Após a cessação das atividade da Liga da Andaluzia, houve ainda o estabelecimento de uma série de outras associações literárias, como “A Liga da Literatura Árabe”, fundada pelo escritor Nawaf Hardan e poetas da diáspora brasileira em 1978, incluindo Youssef Mismar e outros. Esta liga apresentou uma série de obras literárias e recebeu apoio moral de alguns jornais do Oriente, como o jornal libanês Al-Anbaa, de propriedade do editor-chefe, Al-Amin Nawaf, que dedicou uma página de cada edição do jornal, publicado semanalmente, para os poetas e escritores.
Quais são os últimos projetos recentes entre os governos árabes e a diáspora árabe no Brasil?

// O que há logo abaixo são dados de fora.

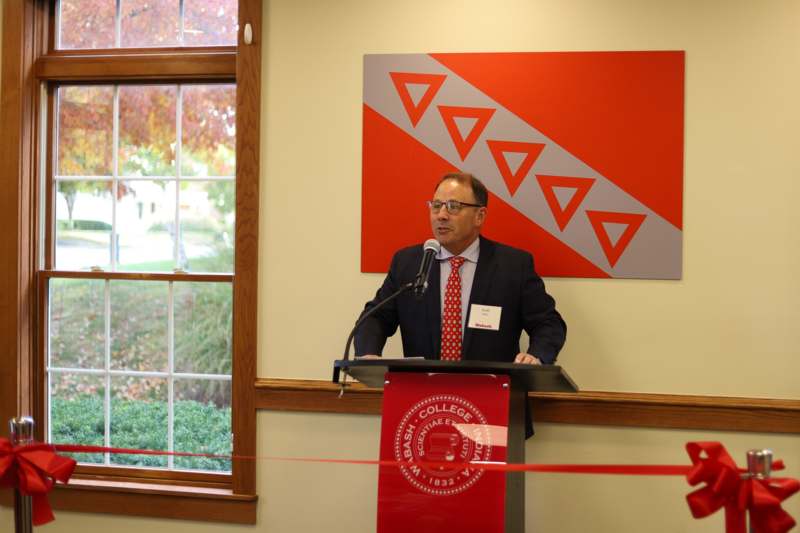 a man standing at a podium with a microphone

Uma das iniciativas é o projeto de tradução de Kalima, do Departamento de Cultura e Turismo de Abu Dhabi, que anunciou a conclusão de um acordo de cooperação com a revista Pessoa, o maior fórum online da língua portuguesa, para a publicação de uma ontologia que inclui a tradução de um conjunto de textos escritos por onze escritores árabes imigrantes que falam português e vivem no Brasil. O anúncio foi feito na Feira do Livro de Frankfurt de 2018, realizada na Alemanha.
O acordo entre o projeto Kalima e a revista Pessoa veio em cooperação com o Consulado dos Emirados Árabes Unidos no Brasil e com o apoio da Câmara de Comércio Árabe-Brasileira.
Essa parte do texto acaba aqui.